* _SUPPLIED DATA_:
+-------+

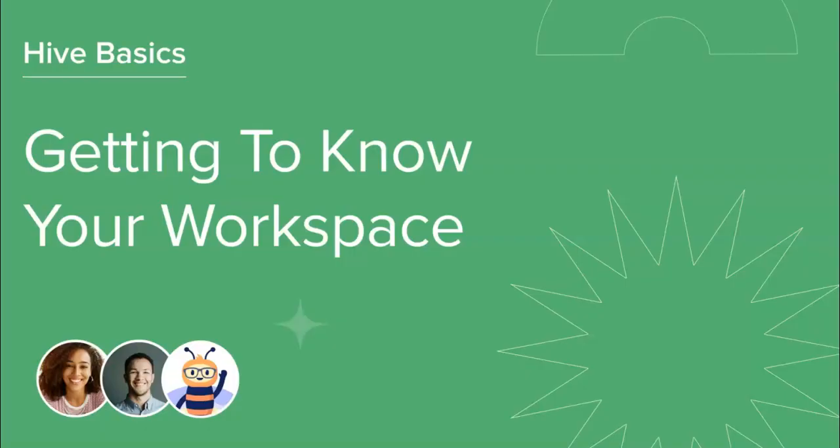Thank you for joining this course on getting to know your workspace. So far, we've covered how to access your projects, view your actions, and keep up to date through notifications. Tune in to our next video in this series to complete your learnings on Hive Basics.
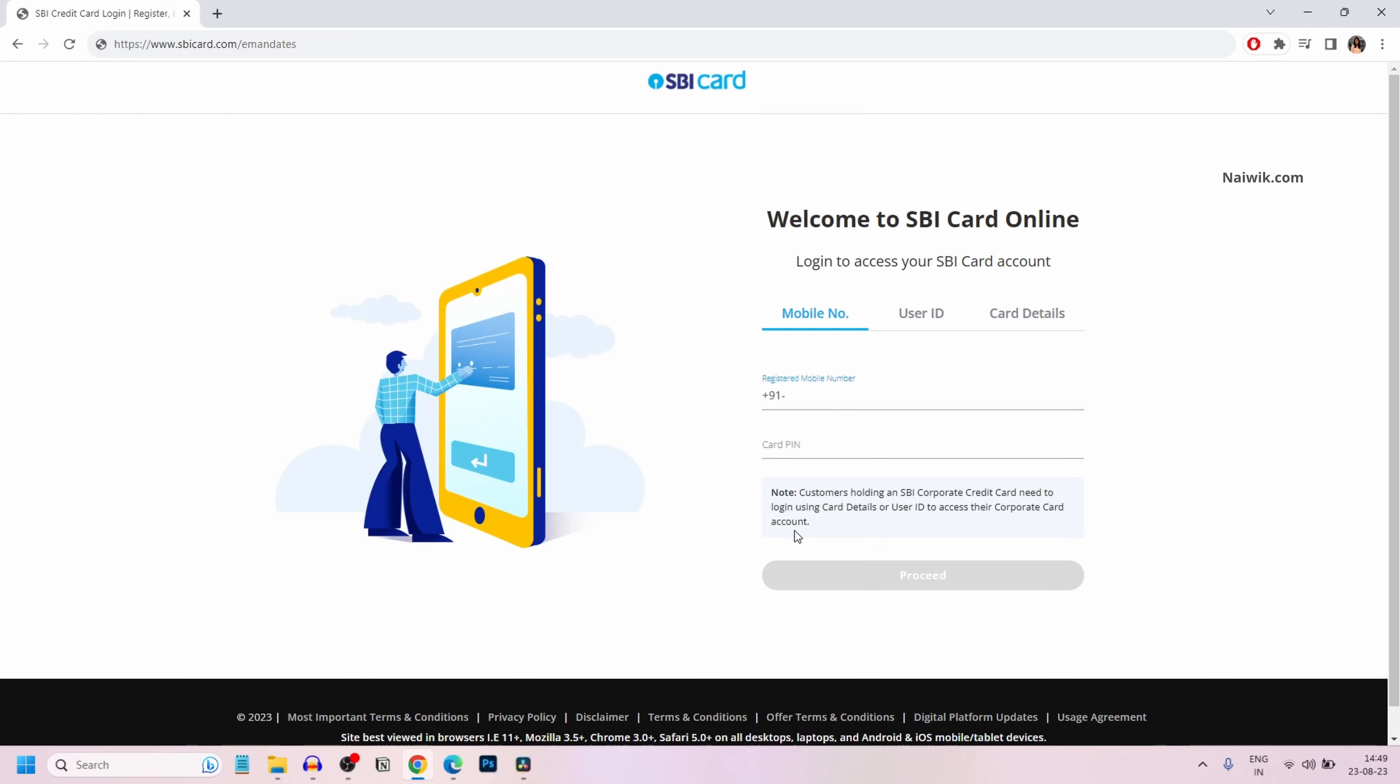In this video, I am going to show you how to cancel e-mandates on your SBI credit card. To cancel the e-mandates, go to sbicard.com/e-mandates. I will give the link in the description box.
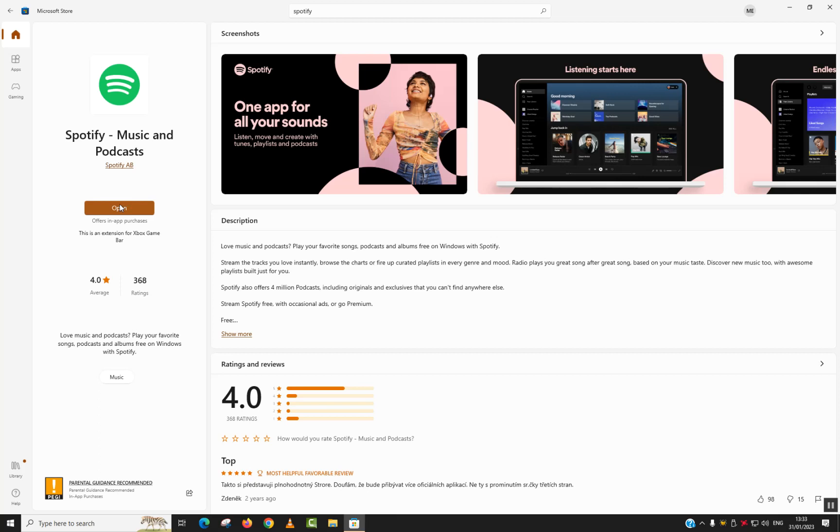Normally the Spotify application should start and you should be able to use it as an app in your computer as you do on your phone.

+-------+

* _PROBLEM DESCRIPTION_: Print exactly the span of lines that begins with the line containing "In this video, I" and ends with the last line of the listing, with no pictures.

* _YOUR SOLUTION_:
In this video, I am going to show you how to cancel e-mandates on your SBI credit card. To cancel the e-mandates, go to sbicard.com/e-mandates. I will give the link in the description box.
Normally the Spotify application should start and you should be able to use it as an app in your computer as you do on your phone.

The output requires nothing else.